Avant d’étudier cette chronologie, qui s’appuie sur la science et l’histoire, disons quelques mots d’un autre système éclos dans l’imagination rêveuse d’un poète philosophe, dans le but de s’accorder avec certains passages de Manou et des écritures sacrées. Cet aperçu ne saurait manquer d’intérêt, quand on saura que c’est à ce second système, que les indianistes européens doivent la plupart des erreurs qu’ils ont accréditées.
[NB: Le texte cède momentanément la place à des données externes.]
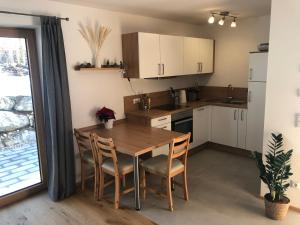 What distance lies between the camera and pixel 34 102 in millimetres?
3141

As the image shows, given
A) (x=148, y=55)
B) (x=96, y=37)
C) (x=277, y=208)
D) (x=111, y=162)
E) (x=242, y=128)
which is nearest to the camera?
(x=277, y=208)

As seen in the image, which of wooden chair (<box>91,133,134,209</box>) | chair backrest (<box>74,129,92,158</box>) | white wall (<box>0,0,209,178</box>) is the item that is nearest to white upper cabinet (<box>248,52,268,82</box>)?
white wall (<box>0,0,209,178</box>)

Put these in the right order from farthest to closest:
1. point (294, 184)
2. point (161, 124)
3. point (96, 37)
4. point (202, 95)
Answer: point (202, 95) < point (161, 124) < point (96, 37) < point (294, 184)

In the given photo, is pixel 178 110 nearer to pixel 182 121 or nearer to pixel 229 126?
pixel 182 121

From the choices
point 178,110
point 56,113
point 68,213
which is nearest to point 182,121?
point 178,110

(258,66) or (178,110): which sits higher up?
(258,66)

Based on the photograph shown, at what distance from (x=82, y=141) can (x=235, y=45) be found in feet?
11.2

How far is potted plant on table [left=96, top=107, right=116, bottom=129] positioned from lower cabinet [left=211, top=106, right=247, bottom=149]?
2152 millimetres

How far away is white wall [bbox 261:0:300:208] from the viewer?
2557 millimetres

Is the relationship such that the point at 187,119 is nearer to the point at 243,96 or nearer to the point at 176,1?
the point at 243,96

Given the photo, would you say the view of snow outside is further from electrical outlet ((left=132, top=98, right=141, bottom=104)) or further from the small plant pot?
the small plant pot

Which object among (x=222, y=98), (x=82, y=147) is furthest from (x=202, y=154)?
(x=82, y=147)

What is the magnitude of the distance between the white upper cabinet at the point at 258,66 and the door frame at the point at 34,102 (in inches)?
127

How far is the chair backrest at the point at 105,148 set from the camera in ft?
8.95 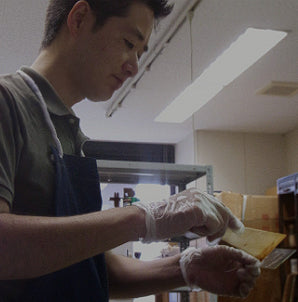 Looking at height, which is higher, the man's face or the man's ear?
the man's ear

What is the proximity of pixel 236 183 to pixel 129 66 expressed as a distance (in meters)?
4.56

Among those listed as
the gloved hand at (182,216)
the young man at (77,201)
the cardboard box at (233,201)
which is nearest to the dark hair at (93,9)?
the young man at (77,201)

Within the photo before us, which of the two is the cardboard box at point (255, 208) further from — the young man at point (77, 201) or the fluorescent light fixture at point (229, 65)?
the young man at point (77, 201)

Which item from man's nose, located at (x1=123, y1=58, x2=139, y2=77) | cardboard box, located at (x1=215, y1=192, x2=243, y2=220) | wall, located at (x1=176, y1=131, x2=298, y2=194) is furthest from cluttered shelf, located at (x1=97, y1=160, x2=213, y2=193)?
wall, located at (x1=176, y1=131, x2=298, y2=194)

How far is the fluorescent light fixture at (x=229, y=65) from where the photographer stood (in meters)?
3.22

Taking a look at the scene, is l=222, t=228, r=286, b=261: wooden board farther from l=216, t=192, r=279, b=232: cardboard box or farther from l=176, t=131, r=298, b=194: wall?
l=176, t=131, r=298, b=194: wall

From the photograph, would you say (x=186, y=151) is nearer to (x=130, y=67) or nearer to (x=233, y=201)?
(x=233, y=201)

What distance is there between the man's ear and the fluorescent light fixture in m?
2.31

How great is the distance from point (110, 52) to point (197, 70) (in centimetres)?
286

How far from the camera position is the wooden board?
114cm

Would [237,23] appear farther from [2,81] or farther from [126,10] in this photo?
[2,81]

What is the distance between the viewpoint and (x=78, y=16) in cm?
104

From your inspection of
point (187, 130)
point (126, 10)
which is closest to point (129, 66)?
point (126, 10)

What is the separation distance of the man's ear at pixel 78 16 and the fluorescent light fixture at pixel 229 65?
2.31m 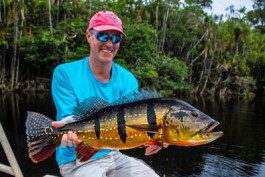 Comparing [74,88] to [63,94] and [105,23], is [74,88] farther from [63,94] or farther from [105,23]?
[105,23]

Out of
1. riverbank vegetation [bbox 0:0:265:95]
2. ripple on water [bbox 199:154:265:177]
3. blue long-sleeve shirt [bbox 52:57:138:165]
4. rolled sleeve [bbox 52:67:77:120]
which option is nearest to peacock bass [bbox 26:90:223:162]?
rolled sleeve [bbox 52:67:77:120]

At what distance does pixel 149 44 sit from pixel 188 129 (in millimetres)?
21933

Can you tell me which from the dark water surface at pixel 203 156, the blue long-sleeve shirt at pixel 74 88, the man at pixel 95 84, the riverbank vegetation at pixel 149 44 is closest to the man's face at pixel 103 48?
the man at pixel 95 84

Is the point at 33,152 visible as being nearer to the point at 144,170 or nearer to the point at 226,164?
the point at 144,170

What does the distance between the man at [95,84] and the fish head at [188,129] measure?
105 cm

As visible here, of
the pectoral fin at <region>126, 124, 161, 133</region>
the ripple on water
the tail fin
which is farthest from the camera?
the ripple on water

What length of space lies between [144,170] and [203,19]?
36.4m

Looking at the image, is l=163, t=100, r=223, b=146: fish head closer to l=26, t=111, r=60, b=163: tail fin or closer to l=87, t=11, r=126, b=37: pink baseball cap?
l=26, t=111, r=60, b=163: tail fin

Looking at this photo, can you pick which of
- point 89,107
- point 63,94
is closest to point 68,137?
point 89,107

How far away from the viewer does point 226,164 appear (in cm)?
1062

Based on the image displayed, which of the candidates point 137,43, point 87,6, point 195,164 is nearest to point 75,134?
point 195,164

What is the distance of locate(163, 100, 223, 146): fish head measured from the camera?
2.32 metres

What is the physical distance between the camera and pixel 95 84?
3213 millimetres

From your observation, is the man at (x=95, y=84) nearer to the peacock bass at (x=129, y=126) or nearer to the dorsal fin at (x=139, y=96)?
the peacock bass at (x=129, y=126) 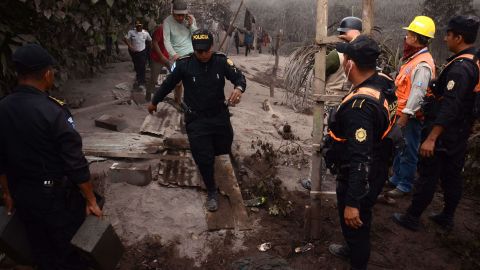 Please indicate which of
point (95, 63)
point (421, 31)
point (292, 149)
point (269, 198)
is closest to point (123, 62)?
point (95, 63)

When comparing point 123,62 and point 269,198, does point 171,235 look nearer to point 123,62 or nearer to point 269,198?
point 269,198

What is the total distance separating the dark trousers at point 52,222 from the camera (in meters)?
2.51

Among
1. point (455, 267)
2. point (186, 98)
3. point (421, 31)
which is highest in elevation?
point (421, 31)

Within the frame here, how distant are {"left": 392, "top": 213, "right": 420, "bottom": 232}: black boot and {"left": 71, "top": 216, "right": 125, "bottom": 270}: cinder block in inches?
118

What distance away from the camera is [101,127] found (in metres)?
6.04

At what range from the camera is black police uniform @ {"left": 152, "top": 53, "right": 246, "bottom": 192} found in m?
3.90

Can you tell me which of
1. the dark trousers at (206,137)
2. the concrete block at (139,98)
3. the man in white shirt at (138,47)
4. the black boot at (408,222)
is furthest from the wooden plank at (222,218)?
the man in white shirt at (138,47)

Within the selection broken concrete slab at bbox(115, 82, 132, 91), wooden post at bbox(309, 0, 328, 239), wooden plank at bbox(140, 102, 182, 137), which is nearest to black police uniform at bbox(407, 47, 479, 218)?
wooden post at bbox(309, 0, 328, 239)

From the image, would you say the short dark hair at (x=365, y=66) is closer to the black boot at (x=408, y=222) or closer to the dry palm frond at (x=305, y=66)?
the black boot at (x=408, y=222)

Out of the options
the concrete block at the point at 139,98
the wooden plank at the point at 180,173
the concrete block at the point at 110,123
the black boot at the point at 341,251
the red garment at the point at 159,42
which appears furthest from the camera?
the concrete block at the point at 139,98

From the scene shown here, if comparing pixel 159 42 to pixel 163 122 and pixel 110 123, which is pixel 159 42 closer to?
pixel 163 122

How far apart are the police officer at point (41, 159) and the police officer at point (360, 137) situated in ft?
6.16

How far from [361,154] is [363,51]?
73 cm

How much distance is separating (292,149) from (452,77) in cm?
278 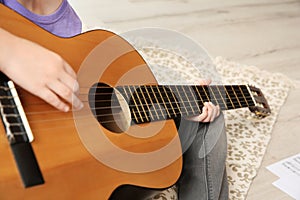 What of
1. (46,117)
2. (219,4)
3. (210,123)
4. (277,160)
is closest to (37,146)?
(46,117)

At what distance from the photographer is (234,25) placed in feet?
6.44

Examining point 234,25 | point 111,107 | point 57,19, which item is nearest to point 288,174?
point 111,107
On va voir qu’il suffisait d’un peu de bonne volonté seulement, pour faire justice de ces exagérations nées d’un esprit d’orthodoxie religieuse poussé jusqu’à l’absurde. Les brahmes savants ne font nulle difficulté de reconnaître que les théories scientifiques des védas et de Manou sont sans valeur; ceux qui ne veulent point amoindrir l’autorité des livres religieux, prétendent simplement que la clef d’explication de ces passages obscurs est perdue. Aussi doit—on s’étonner à bon droit que certains indianistes aient cru de voir perdre leur temps à combattre des faits, que le premier Indou venu rejette dans le domaine des fables théologiques.
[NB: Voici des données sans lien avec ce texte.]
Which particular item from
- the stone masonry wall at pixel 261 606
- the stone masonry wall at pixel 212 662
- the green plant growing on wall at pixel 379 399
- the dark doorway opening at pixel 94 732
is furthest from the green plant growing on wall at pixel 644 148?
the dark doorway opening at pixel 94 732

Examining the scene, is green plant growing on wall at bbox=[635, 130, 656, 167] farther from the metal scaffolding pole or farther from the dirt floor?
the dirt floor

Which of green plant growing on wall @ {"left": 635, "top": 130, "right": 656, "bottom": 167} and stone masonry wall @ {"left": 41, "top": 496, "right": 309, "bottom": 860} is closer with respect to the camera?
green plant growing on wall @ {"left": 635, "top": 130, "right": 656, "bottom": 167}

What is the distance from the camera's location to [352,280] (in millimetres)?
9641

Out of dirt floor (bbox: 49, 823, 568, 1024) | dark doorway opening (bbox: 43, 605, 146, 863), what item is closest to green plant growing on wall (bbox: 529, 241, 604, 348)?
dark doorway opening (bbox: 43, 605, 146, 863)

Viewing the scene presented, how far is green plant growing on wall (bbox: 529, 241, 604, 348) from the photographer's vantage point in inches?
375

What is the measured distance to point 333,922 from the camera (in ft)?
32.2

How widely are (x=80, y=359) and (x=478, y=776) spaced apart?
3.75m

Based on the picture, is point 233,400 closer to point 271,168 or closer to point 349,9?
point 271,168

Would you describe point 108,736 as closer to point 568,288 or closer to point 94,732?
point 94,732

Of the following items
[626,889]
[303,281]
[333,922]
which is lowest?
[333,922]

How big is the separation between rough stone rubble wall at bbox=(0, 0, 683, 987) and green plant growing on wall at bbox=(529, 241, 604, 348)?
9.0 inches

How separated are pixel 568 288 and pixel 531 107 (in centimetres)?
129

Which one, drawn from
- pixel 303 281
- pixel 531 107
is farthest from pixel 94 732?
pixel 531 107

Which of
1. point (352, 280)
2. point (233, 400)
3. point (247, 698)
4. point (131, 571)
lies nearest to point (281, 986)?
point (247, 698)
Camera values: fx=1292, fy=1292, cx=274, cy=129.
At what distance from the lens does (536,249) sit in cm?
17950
Nous lisons dans Manou, au livre premier :

« Maintenant, apprenez par ordre et succinctement quelle est la durée d’une nuit et un jour de Brahma, et de chacun des quatre âges (yougas).
« Quatre mille années divines composent, au dire des sages, le crita-youga; le crépuscule qui précède est d’autant de centaines d’années, le crépuscule qui suit est pareil.
« Dans les trois autres âges qui vont suivre, également précédés et suivis d’un crépuscule, les milliers et les centaines d’années sont successivement diminuées d’une unité.
« Ces quatre âges qui viennent d’être énumérés étant supputés ensemble, la somme de leurs années, qui est de douze mille, est dite l’âge des dieux.
« Sachez que la réunion de mille âges divins, compose en somme un jour de Brahma, et que la nuit a une durée égale.
« Ceux qui savent que le saint jour de Brahma ne finit qu’avec mille âges, et que la nuit embrasse un pareil espace de temps, connaissent véritablement le jour et la nuit.
« A l’expiration de cette nuit, Brahma qui était endormi, se réveille, et en se réveillant fait émaner l’Esprit qui par son essence, existe et n’existe pas.
« Poussé par le désir de créer, l’Esprit opère la création et donne naissance à l’éther, que les sages considèrent comme ayant la faculté de transmettre le son.
« De l’éther naît l’air dont la propriété est tangible, et qui est nécessaire à la vie.
« Par une transformation de l’air, la lumière se produit.
« De l’air, de la lumière qui produit la chaleur, naît l’eau, etc… »

Ces paroles de Manou ont donné naissance au système du monde d’où est sortie la chronologie fantaisiste dont nous nous occupons.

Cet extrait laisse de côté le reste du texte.